Input data |
_ _ _ _ _
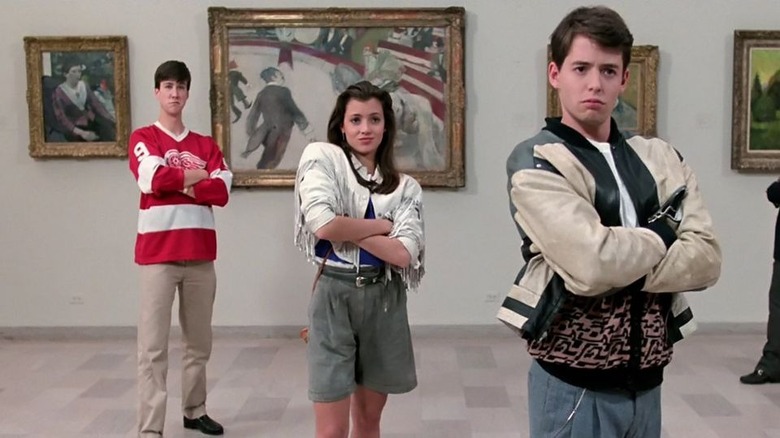 three kids standing in front of paintings with their arms crossed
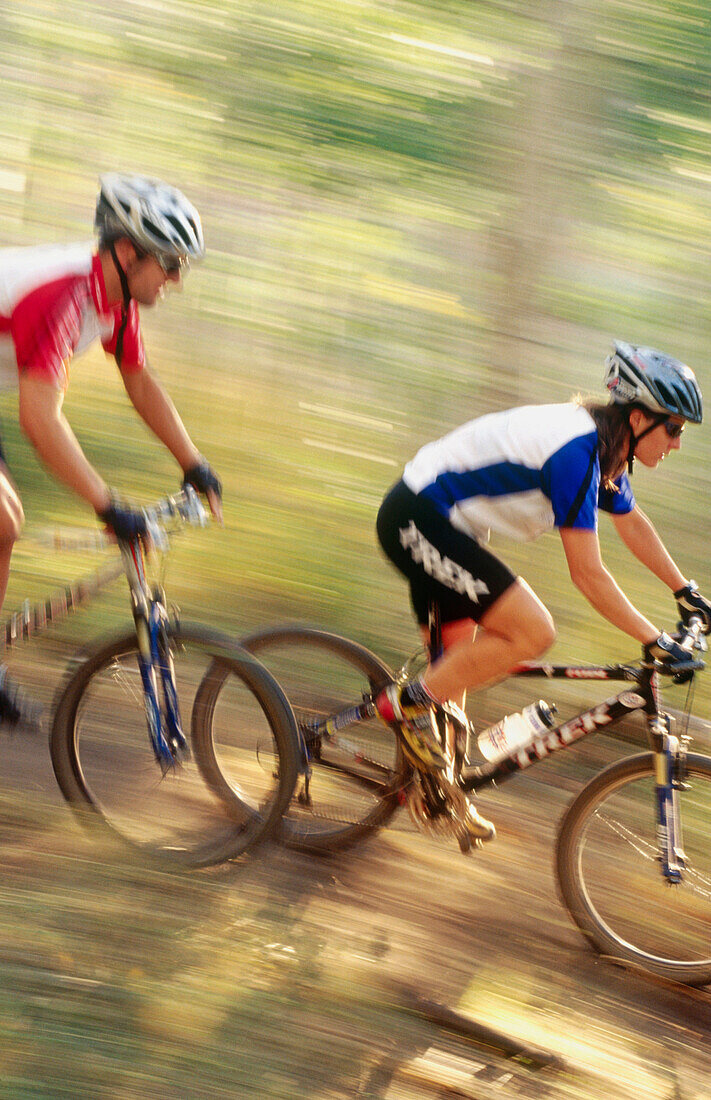 Mountain biker riding fast in forest at Deer Valley. Utah, USA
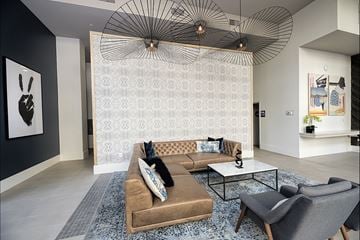 Mountain View apartment for rent - A living room with a brown couch and a patterned wallpaper.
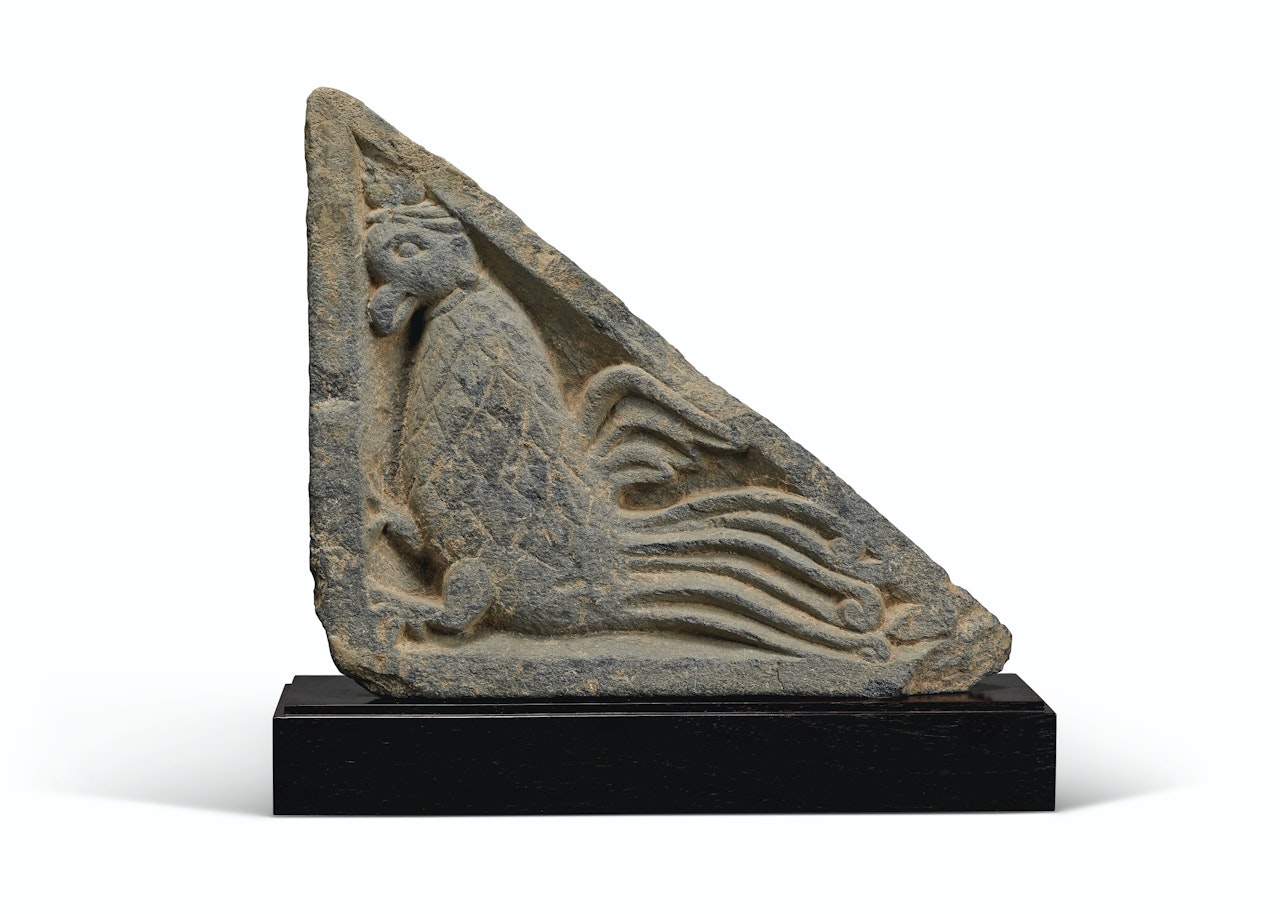 A GRAY SCHIST STAIR-RISER RELIEF OF A MYTHICAL BEAST by Anonymous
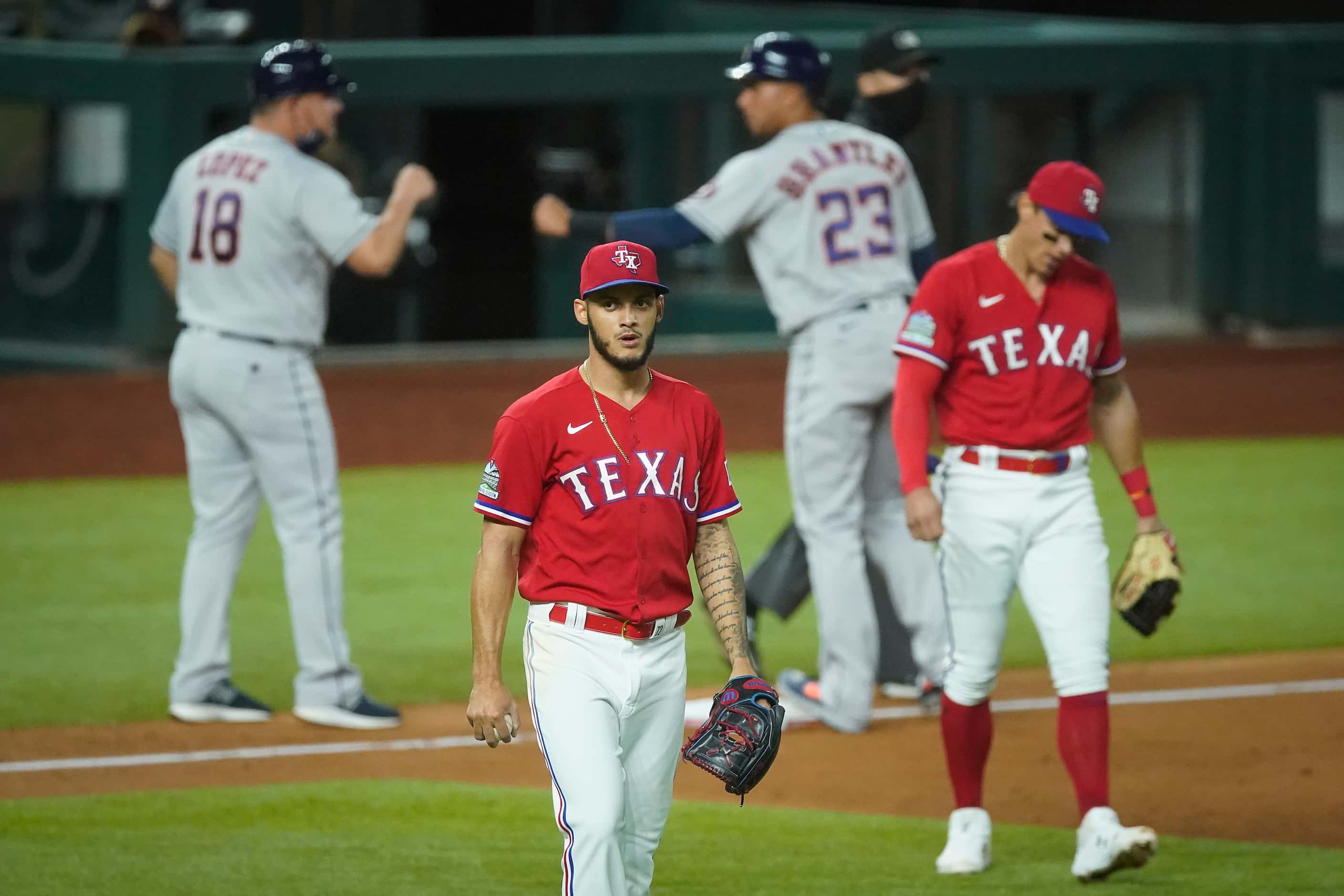 Texas Rangers pitcher Jonathan Hernandez and third baseman Derek Dietrich react after a...
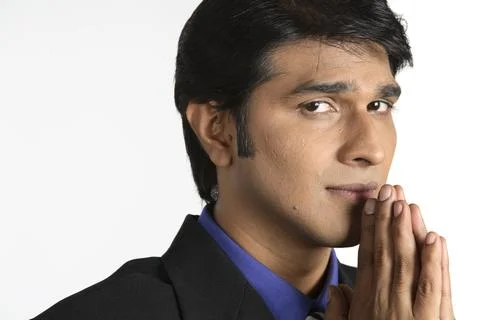 Executive joining hands and touching lips and nose MR#687M Stock Photos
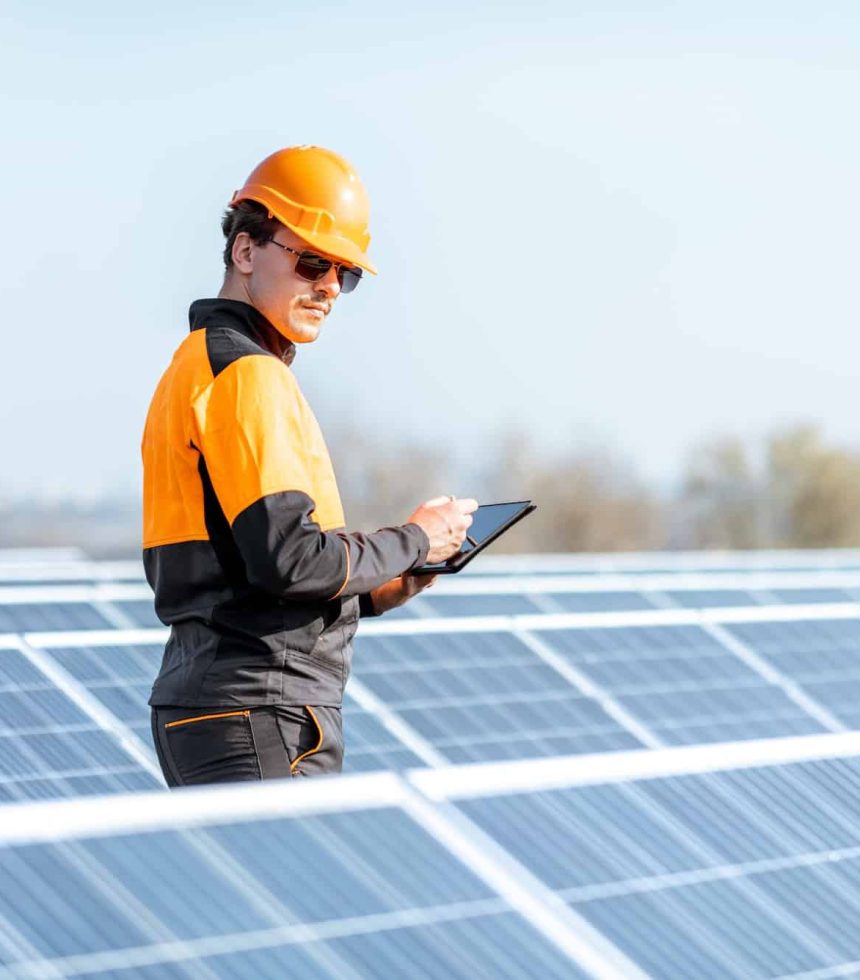 Engineer servicing solar panel on electric plant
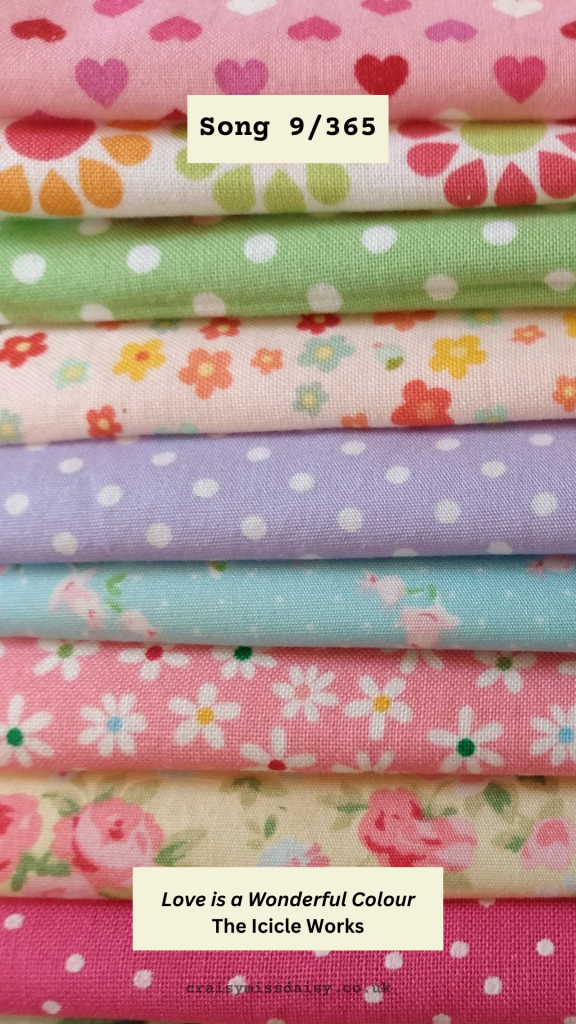 Stack of colorful patterned craft fabrics for Song 9/365, "Love is a Wonderful Colour" by The Icicle Works.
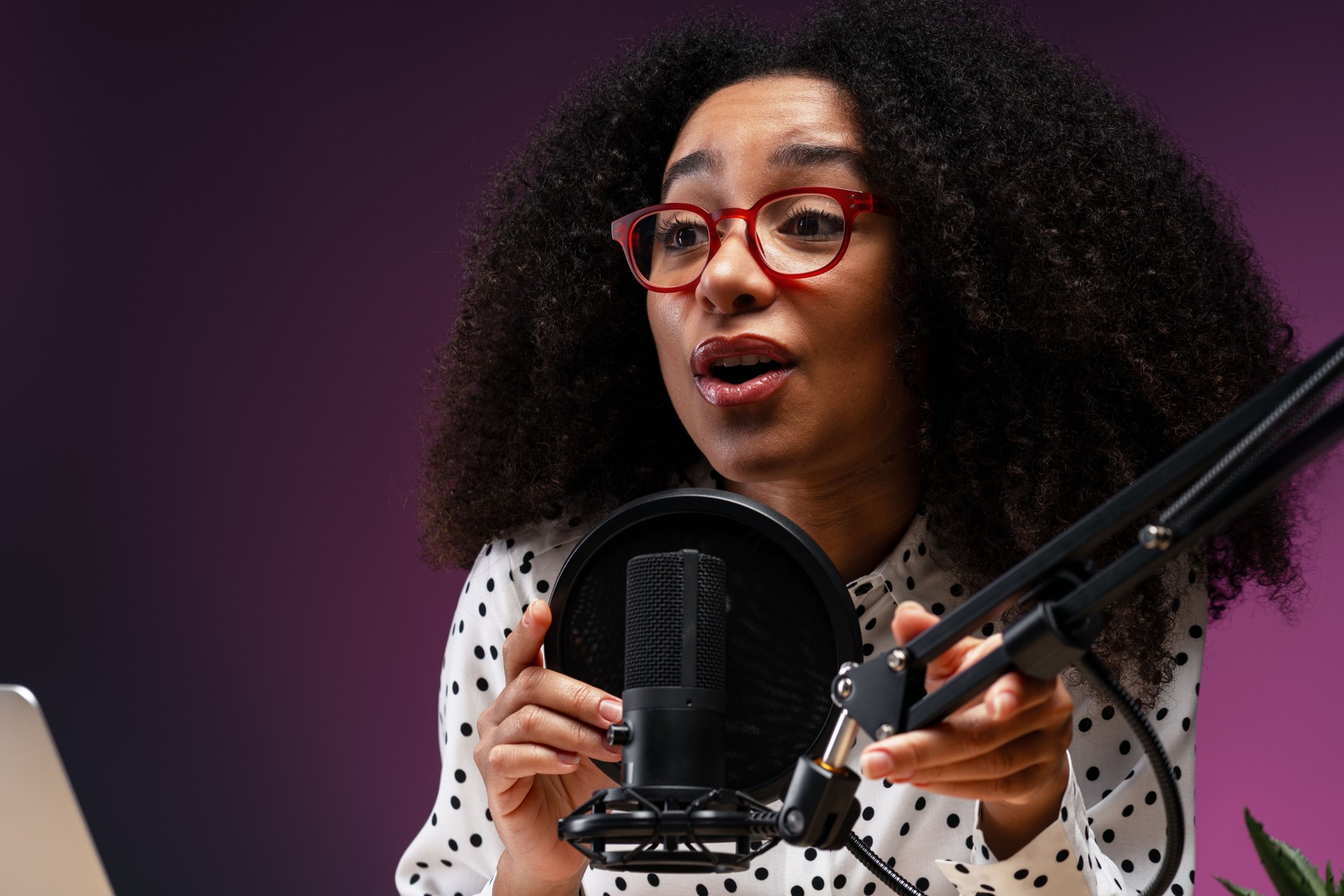 Young woman recording a podcast in a professional studio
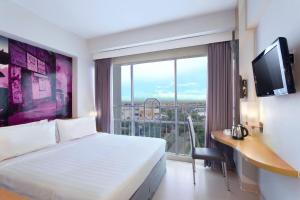 a hotel room with a bed and a large window at favehotel Solo Baru in Solo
_ _ _ _ _
Exercise prompt | Output the records above exactly as written, but leave out the pictures.

Solution to this task |
 three kids standing in front of paintings with their arms crossed
 Mountain biker riding fast in forest at Deer Valley. Utah, USA
 Mountain View apartment for rent - A living room with a brown couch and a patterned wallpaper.
 A GRAY SCHIST STAIR-RISER RELIEF OF A MYTHICAL BEAST by Anonymous
 Texas Rangers pitcher Jonathan Hernandez and third baseman Derek Dietrich react after a...
 Executive joining hands and touching lips and nose MR#687M Stock Photos
 Engineer servicing solar panel on electric plant
 Stack of colorful patterned craft fabrics for Song 9/365, "Love is a Wonderful Colour" by The Icicle Works.
 Young woman recording a podcast in a professional studio
 a hotel room with a bed and a large window at favehotel Solo Baru in Solo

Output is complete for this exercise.